**Assigned task**: Starting at the line below with "Продам чехол Iphone 13,14" and stopping at the line with "Used 2025 Audi", please print each line exactly, those two included, and skip every picture.
(Beginning of Material supplied)
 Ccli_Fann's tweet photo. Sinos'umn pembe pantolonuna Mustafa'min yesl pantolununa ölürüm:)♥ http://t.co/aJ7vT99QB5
(End of Material supplied)
(Beginning of Material supplied)
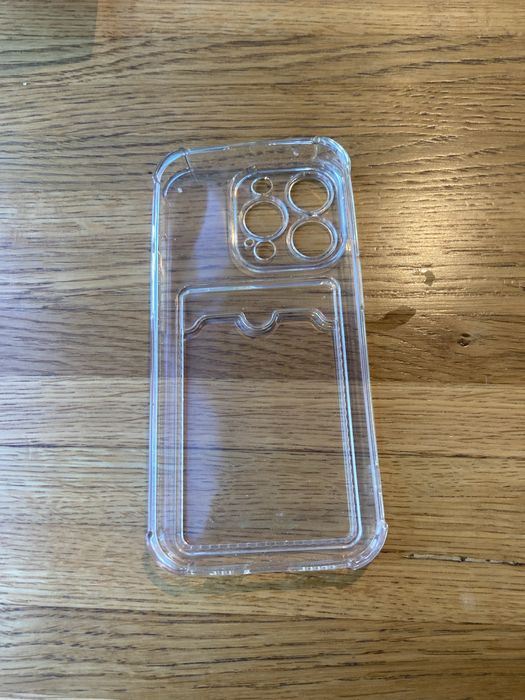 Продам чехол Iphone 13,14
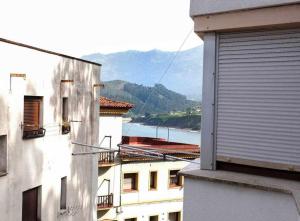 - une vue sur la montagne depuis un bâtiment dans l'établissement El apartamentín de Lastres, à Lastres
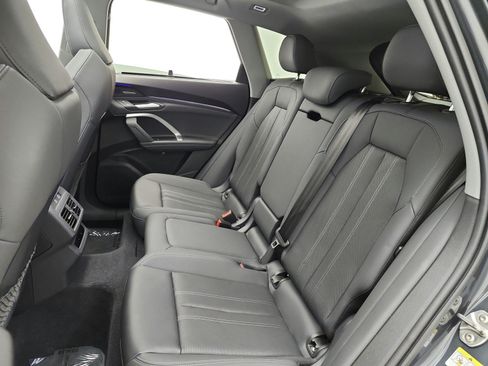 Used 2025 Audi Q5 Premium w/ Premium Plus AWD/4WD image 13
(End of Material supplied)
**Answer to this exercise**:
 Продам чехол Iphone 13,14
 - une vue sur la montagne depuis un bâtiment dans l'établissement El apartamentín de Lastres, à Lastres
 Used 2025 Audi Q5 Premium w/ Premium Plus AWD/4WD image 13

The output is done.